Though knowledge is usually thought to lead to understanding, sometimes it has darker consequences. Do you think the abbé is responsible for what Edmond becomes? Would Edmond have gone to such lengths to seek revenge if he had never met Abbé Faria?

Chapter 35
Edmond Dantès, the Count of Monte Cristo

"Make no mistake: I should fight a duel for a trifle, an insult, a contradiction, a slap—and all the more merrily for knowing that, thanks to the skill I have acquired in all physical exercises and long experience of danger, I should be more or less certain of killing my opponent. Oh, yes, indeed, I should fight a duel for any of these things; but in return for a slow, deep, infinite, eternal pain, I should return as nearly as possible a pain equivalent to the one inflicted on me. An eye for an eye, a tooth for a tooth, as they say in the East, those men who are the elect of creation, and who have learnt to make a life of dreams and paradise a reality." (35.42)

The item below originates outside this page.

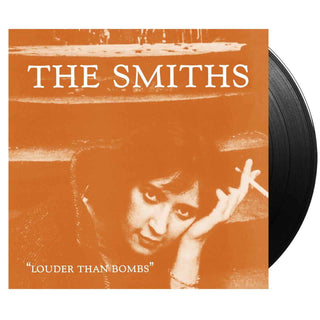 THE SMITHS Louder Than Bombs Vinyl (Black, 2LP)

The Count's notions regarding revenge seem to be taken solely from the Old Testament. He doesn't acknowledge Jesus' commandment to "turn the other cheek."

Chapter 83
Edmond Dantès, the Count of Monte Cristo

"Oh, God," said Monte Cristo, "your vengeance may sometimes be slow in coming, but I think that then it is all the more complete." (83.7)

As the saying goes, "Revenge is a dish best served cold." Here, Monte Cristo seems to agree with the conventional wisdom.

Chapter 84

"I hastened round to see you," Beauchamp continued, "to say this to you: Albert, the sins of our fathers, in these times of action and reaction, cannot be visited on their children. Albert, few men have gone through the revolutions in which we were born, without some spot of mire or of blood staining their soldier's uniform or their judge's robe." (84.54)

Beauchamp suggests that the turbulent nature of recent history is something of a mitigating factor; when all men have been corrupted, he seems to think, no one man should be singled out.

Chapter 85
Edmond Dantès, the Count of Monte Cristo

"Poor young man!" Monte Cristo muttered, so low that even he could not hear these words of compassion as he spoke them. "It is written that the sins of the father shall be visited on the sons, even to the third and forth generation." (85.135)

Monte Cristo, on the other hand, clearly doesn't believe that there are any extenuating circumstances. Revenge is revenge, and nothing should interfere with it, even across generations.

Chapter 86

"This was directed to me by my respect and my sorrow, Monsieur," Haydée replied. "God forgive me: though I am a Christian, I have always thought to avenge my illustrious father." (86.120)

Although it's hard to grasp, Christianity and revenge are able to exist side by side, at least as far as Monte Cristo and Haydée are concerned.

Chapter 88

"You know, mother, Monsieur de Monte Cristo is almost a man of the East and an Oriental; in order not to interfere with his freedom to take revenge, he never eats or drinks in his enemy's house." (88.39)

Monte Cristo is constantly focused on revenge; his daily life revolves around it.

Chapter 103
Julie Herbault (née Morrel)

"You are wrong, Monsieur," Morrel exclaimed, rising on one knee, his heart smitten by a pain sharper than any he had yet felt. "You are wrong. Valentine, having died as she has, needs not only a priest, but an avenger. You send for a priest, Monsieur de Villefort; I shall be her avenger." (103.26)

Here, once again, we see two very different kinds of salvation brought together. The priest will, one assumes, ensure that Valentine's soul is safe in heaven, while Maximilian will secure her honor and memory on Earth.